Now that there is a public SHA-1 collision, we can supposedly mess with both SVN and git repositories by adding these specially crafted pdf files. But what actually happens when these files are added to a repository that uses SHA-1 for deduplication? To find out, let’s create git and SVN repositories, add these files to them, and see what happens.

To start off, I grabbed both of the PDF files provided at http://shattered.io/. These two files have different contents, but result in the same SHA-1 hash:

william@william-laptop ~/c/shattered> sha1sum *.pdf
38762cf7f55934b34d179ae6a4c80cadccbb7f0a  shattered-blue.pdf
38762cf7f55934b34d179ae6a4c80cadccbb7f0a  shattered-red.pdf
william@william-laptop ~/c/shattered> sha256sum *.pdf
2bb787a73e37352f92383abe7e2902936d1059ad9f1ba6daaa9c1e58ee6970d0  shattered-blue.pdf
d4488775d29bdef7993367d541064dbdda50d383f89f0aa13a6ff2e0894ba5ff  shattered-red.pdf

SVN

Originally, http://shattered.io/ only mentioned SVN, later adding references to git, so let’s start there.
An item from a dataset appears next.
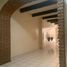 Condominium 3 chambre à vendre à Guadalajara, Jalisco, Guadalajara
Since SVN is centralized, we first need to set up an SVN server. I used a docker image, of course.

After checking out the test repository, I first added and committed the blue PDF.

william@william-laptop ~/c/s/testrepo> cp ../shattered-blue.pdf .
william@william-laptop ~/c/s/testrepo> svn add shattered-blue.pdf
A  (bin)  shattered-blue.pdf
william@william-laptop ~/c/s/testrepo> svn commit -m "Added BLUE pdf"
Adding  (bin)  shattered-blue.pdf
Transmitting file data .done
Committing transaction...
Committed revision 1.

Now for the breakage: replacing the blue PDF with the red one, which SVN should assume is the same file, since it has the same SHA-1 hash.

william@william-laptop ~/c/s/testrepo> rm shattered-blue.pdf
william@william-laptop ~/c/s/testrepo> cp ../shattered-red.pdf shattered-blue.pdf
william@william-laptop ~/c/s/testrepo> svn status
M       shattered-blue.pdf

So far the SVN client is holding up better than I’d hoped, since it has detected that this file is, indeed, different. Now to commit this file:

william@william-laptop ~/c/s/testrepo> svn commit -m "Replaced with RED pdf"
Sending        shattered-blue.pdf
Transmitting file data .done
Committing transaction...
Committed revision 2.
william@william-laptop ~/c/s/testrepo> sha256sum *.pdf
d4488775d29bdef7993367d541064dbdda50d383f89f0aa13a6ff2e0894ba5ff  shattered-blue.pdf

All seems well, but there is a hidden issue here which we will soon see. Our local working copy thinks it is up-to-date with the server, but it does not actually contain the same data. If we pull down the file from the server again, we end up with a different version than the one we had before.

william@william-laptop ~/c/s/testrepo> svn status
william@william-laptop ~/c/s/testrepo> rm shattered-blue.pdf
william@william-laptop ~/c/s/testrepo> svn update
Updating '.':
Restored 'shattered-blue.pdf'
At revision 2.
william@william-laptop ~/c/s/testrepo> svn status
william@william-laptop ~/c/s/testrepo> sha256sum *.pdf
2bb787a73e37352f92383abe7e2902936d1059ad9f1ba6daaa9c1e58ee6970d0  shattered-blue.pdf

And just like that, our hash has changed. SVN believes that our working copy is in the same state as before, even though our file has changed from red to blue. It would appear that the version committed in revision 2 does not exist on the server. At least not in a way that is easily retrievable.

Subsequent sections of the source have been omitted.